I read this article today because my mom sent it to me. I feel it really explains how I feel about Michael Jackson. I agree that a lot of the things he did were obscene and wrong, but can't we just leave the guy alone. I would like to see anyone else grow up like he did with no space EVER to himself and always being in the spotlight no matter what step he took and be even half as talented as he was. At some point we need to learn to forgive everyone and realize everyone make mistakes. Some people know that they make mistakes and don't care, but I feel like MJ honestly had a problem he couldn't get past and as a Psychology major I have to be sympathetic to that. I think now I may understand the whole idea that God forgives everyone no matter what sin they commited. I may not forget what MJ did (not that I cared I honestly don't know many of the details, it's a story I did not follow), but we all must look past that and realize that this man was an icon and that people loved him and there really are some out there who's lives he changed (in a positive way).

And why is it that now that he's dead people can so openly bash him!? Because there's no one to defend him now, so these people feel that they can say whatever they want? I'm sorry, but say as you please, God still knows what you're saying and you're no better than anyone else for being so judgemental. Then I have to wonder if these people who are talking so much crap have ever been around someone who is mentally instable. People I've decided are just rude, not understanding, and VERY judgemental! Well not all people, but I really like the end of this article when he says "Why must our stars fall so spectacularly and fail us so egregiously?

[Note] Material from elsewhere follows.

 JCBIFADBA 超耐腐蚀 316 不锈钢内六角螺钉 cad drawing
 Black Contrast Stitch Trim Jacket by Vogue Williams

Perhaps it's because we want them to. Indeed, it may be the primary function of celebrities like Jackson to show us, in their early radiance, what we could dream of being — and in the murk of their decline, what we fear we could become."

I have to say this is the most brilliantly written article I've read in a long time and I commend the author for his opinion and the courage in such a time of "MJ smack talking" to come out with this!

Friday, June 26, 2009

Ok and now the real deal!

So I just had to do that survey thing cuz it seemed fun ;)

Yesterday I had a shoe party and I really appreciate everyone that came. I think I counted 16 people there it was so so so much fun. It was the first time I've really ever hosted something to the point that I made food and everything. I'm pretty sure almost everyone bought shoes helping me earn 4 free pairs of shoes!!! I now have 7 pairs of shoes from My Shoe Shoppe. Oh I love those shoes, I think I'm slightly obsessed. It's a darn good thing I'm broke so I can't afford anything so I don't buy anything. Such as the Miche bags that I am in love with at work. They're those cool bags that you have shells for then you can just switch them out. I could get it for 20% off but I still just can't justify it when I already have 2 purses. My anniversary with Shane is coming up (5 years!) but I've already told him a million things I want (bra (haha I need a new one DESPERATELY!), watch, fishing pole, now a purse). Oh boy I'm on a roll...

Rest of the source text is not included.